*Data*.
((

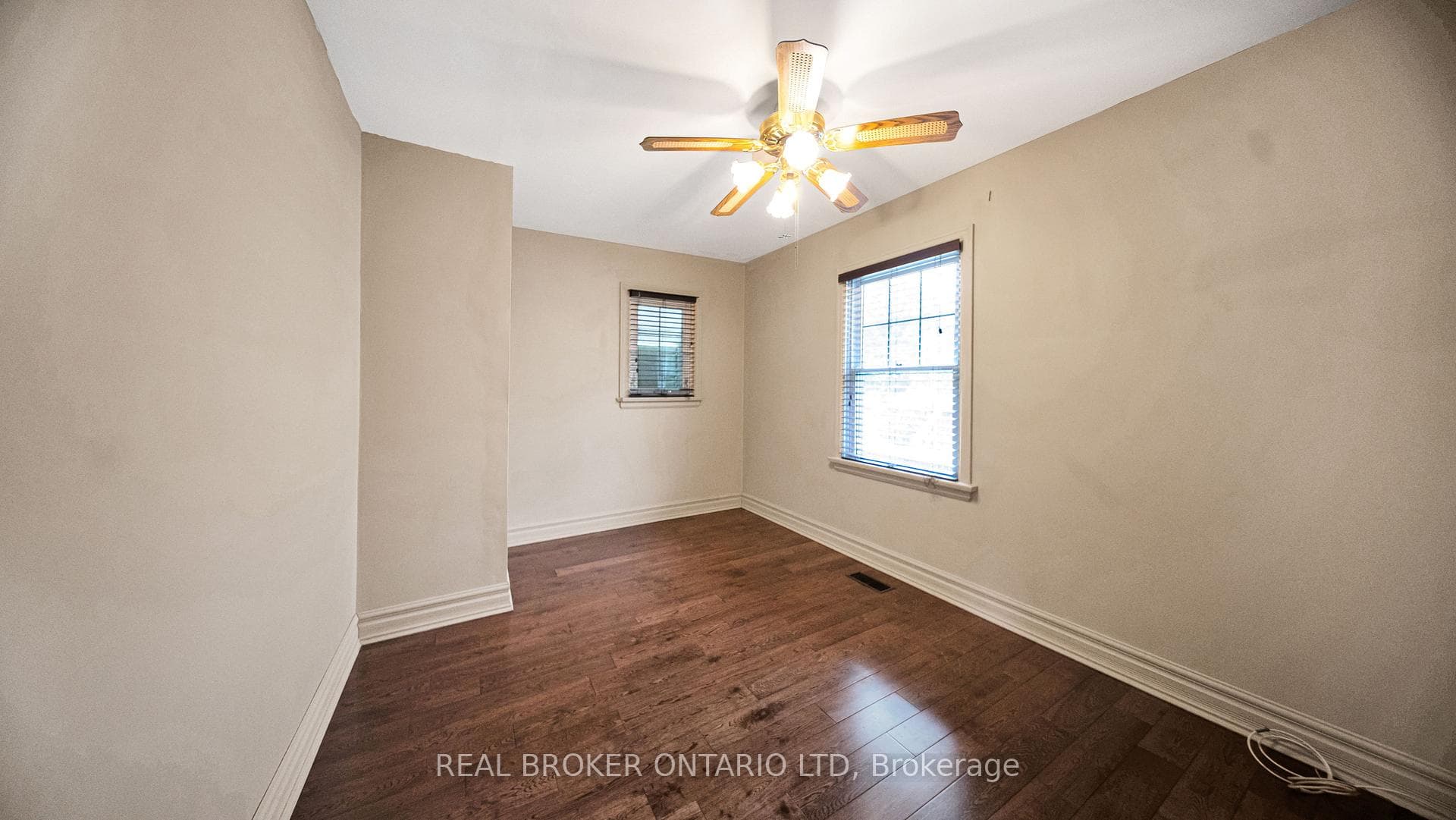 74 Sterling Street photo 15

))
((

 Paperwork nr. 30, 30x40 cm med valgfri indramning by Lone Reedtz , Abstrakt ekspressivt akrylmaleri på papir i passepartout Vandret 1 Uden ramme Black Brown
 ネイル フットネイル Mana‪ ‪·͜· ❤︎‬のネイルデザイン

))
((

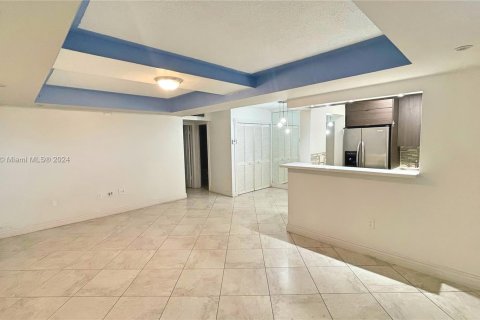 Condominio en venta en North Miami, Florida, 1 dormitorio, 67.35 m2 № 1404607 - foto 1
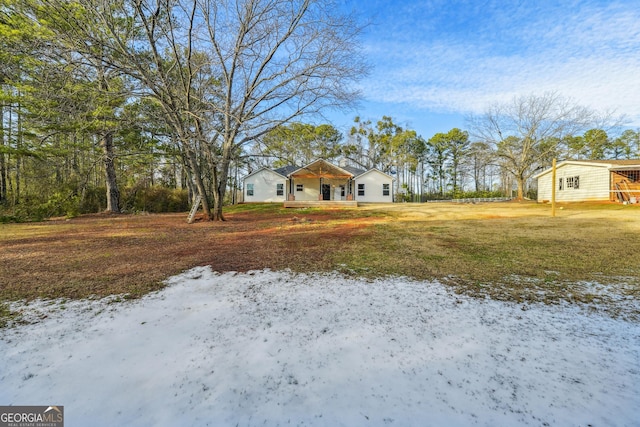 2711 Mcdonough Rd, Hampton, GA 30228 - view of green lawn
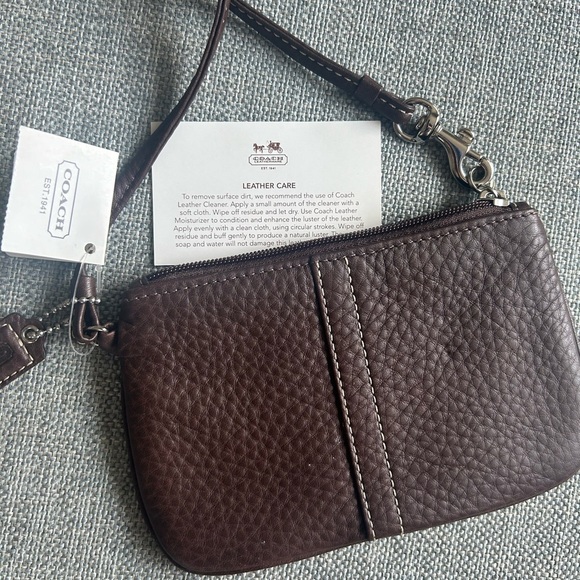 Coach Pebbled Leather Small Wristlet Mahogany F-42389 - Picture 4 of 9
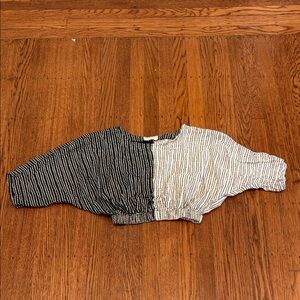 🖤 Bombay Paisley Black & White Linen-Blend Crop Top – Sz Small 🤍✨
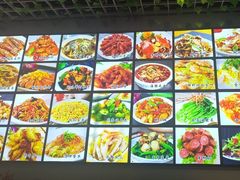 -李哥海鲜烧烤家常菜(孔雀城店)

))

*Task goal*. Going by the data above, give back only the lines from the one containing "Sz Small 🤍✨" through the one containing "-李哥海鲜烧烤家常菜(孔雀城店)", exactly as they stand, both ends included and no images.

*Answer to this exercise*.
 🖤 Bombay Paisley Black & White Linen-Blend Crop Top – Sz Small 🤍✨
 -李哥海鲜烧烤家常菜(孔雀城店)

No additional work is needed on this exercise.